→ Records for the task:

- Opening Delimiter -

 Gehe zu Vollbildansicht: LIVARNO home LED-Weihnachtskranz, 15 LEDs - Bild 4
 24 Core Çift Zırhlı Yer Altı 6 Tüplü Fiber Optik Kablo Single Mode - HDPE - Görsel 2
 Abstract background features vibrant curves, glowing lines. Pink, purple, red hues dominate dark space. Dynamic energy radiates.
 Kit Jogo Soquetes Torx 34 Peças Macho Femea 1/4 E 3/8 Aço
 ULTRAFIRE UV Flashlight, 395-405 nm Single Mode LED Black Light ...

- Closing Delimiter -
- Opening Delimiter -

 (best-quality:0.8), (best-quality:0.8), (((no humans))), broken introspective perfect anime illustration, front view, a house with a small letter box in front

- Closing Delimiter -

Copy the stretch of the records above that runs from the line with "24 Core Çift" through the line with "ULTRAFIRE UV Flashlight, 395-405". Both end lines belong in the copy, and nothing else does.

 24 Core Çift Zırhlı Yer Altı 6 Tüplü Fiber Optik Kablo Single Mode - HDPE - Görsel 2
 Abstract background features vibrant curves, glowing lines. Pink, purple, red hues dominate dark space. Dynamic energy radiates.
 Kit Jogo Soquetes Torx 34 Peças Macho Femea 1/4 E 3/8 Aço
 ULTRAFIRE UV Flashlight, 395-405 nm Single Mode LED Black Light ...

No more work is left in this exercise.